An anniversary i wasn’t able to observe due to being engrossed in my Lent series was that of the death of Tōru Takemitsu, who died a little over twenty years ago, on 20 February 1996. i can still remember the day vividly; at the time i was an undergraduate at the Birmingham Conservatoire, and as i was walking to the library someone came rushing over to tell me he had died. It’s fair to say that, among the composers (and also some of the percussionists), the news of Takemitsu’s passing was a profound shock, and the rest of the day felt black and mournful. Just like one of his great sources of inspiration, Olivier Messiaen, no-one sounds like Takemitsu – only an idiot would try to – and few have been able to compose music that so completely and simultaneously embraces austerity and playfulness within a cross-cultural intermingling utterly filled with an innate sense of beauty and wonder. For myself, barely a week goes by when i don’t find myself in the company of his music, and i never, ever experience it as anything less than genuinely miraculous.
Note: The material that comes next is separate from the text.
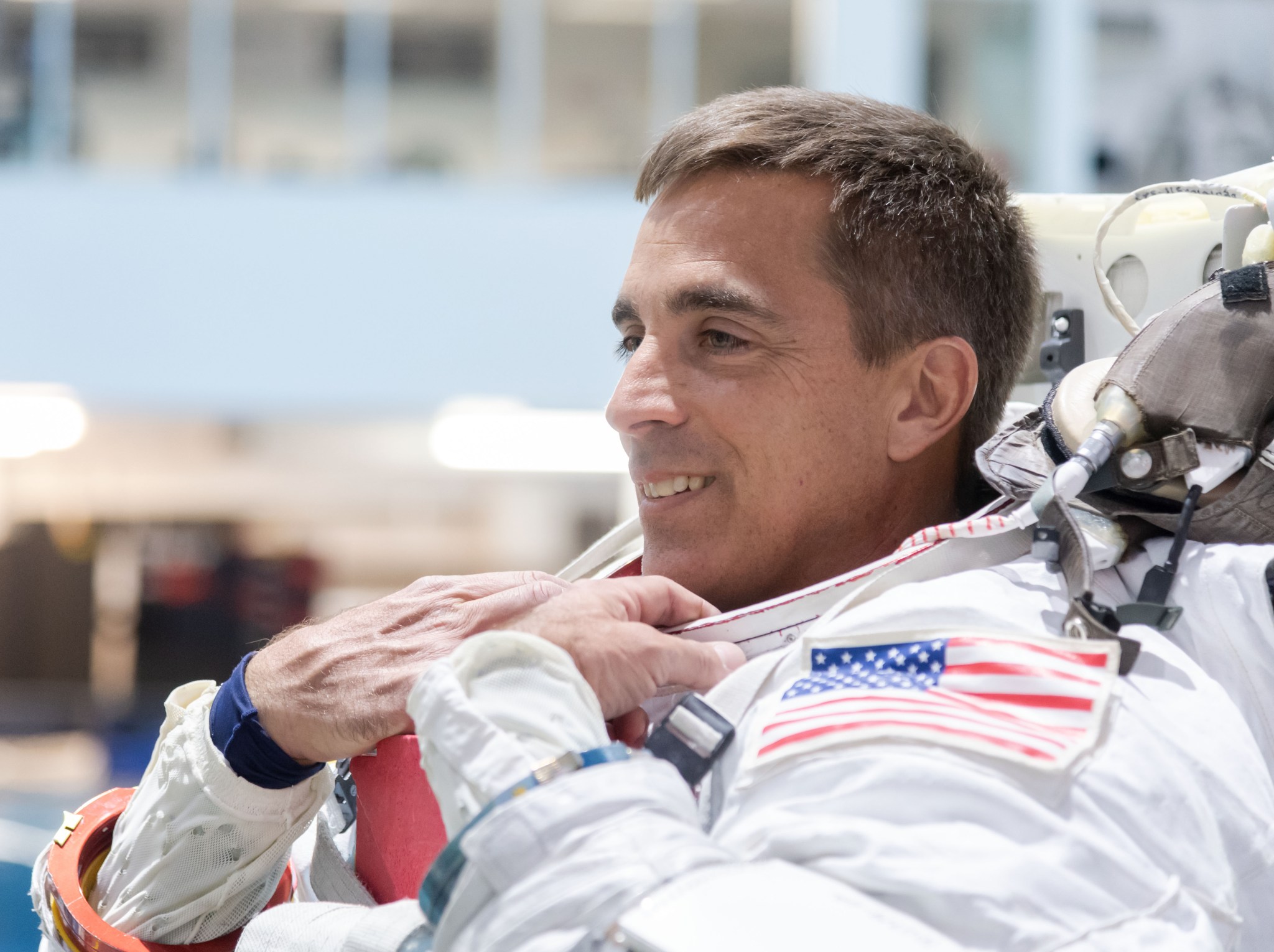 NASA astronaut Chris Cassidy suits up for spacewalk training at the Neutral Buoyancy Lab at NASA’s Johnson Space Center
Watching Joby Burgess in action during February’s BCMG concert reminded me of how outstanding had been his performance of Takemitsu’s Seasons during last year’s Cheltenham Music Festival. In my review, i described the performance as a “revelation”, and this reflects both the immersive qualities of Burgess’ rendition of the work in addition to the fact that it’s extremely rarely heard. Information about the work is somewhat confused and contradictory. The facts seem to be that, composed in 1970, Seasons was originally for four percussionists, subsequently re-written in versions for either one or two performers with tape, and some sources mention another version without a tape part. This, it seems, is what Burgess performed at Cheltenham, and despite being far from the main piece in the concert, it outshone everything. One can never really adequately explain how music by Takemitsu ‘works’, but there’s something profoundly engrossing in the juxtaposition of elements that fill Seasons, particularly the way the piece passes seamlessly through highly differentiated but interconnected episodes characterised by distinct timbres, registers and above all density. This last aspect is perhaps the most telling; there is, as there almost invariably is in Takemitsu’s music (although this is surely in part a peculiarly occidental response), an air of ritual to the piece, not so much in the reverberant metallic instruments but in the careful placement and deployment of sounds, sometimes clumped together, overlapping, elsewhere dispersed, vaporous even. It’s the quintessential paradox permeating every Takemitsu piece, that it appears on the one hand to be such a gleefully improvised outpouring, yet where not a single note ever feels unconsidered or out of place. Perhaps this fact says something of how Takemitsu regarded the infinite glory of nature and existence: everything, everywhere, matters.
At the time i described Joby Burgess’ performance of Seasons as “spell-binding”, and nearly a year on i still recall it as clearly as the day i learned Takemitsu had died. Of course, all music survives, when their composers have left us, but music like this really lives on.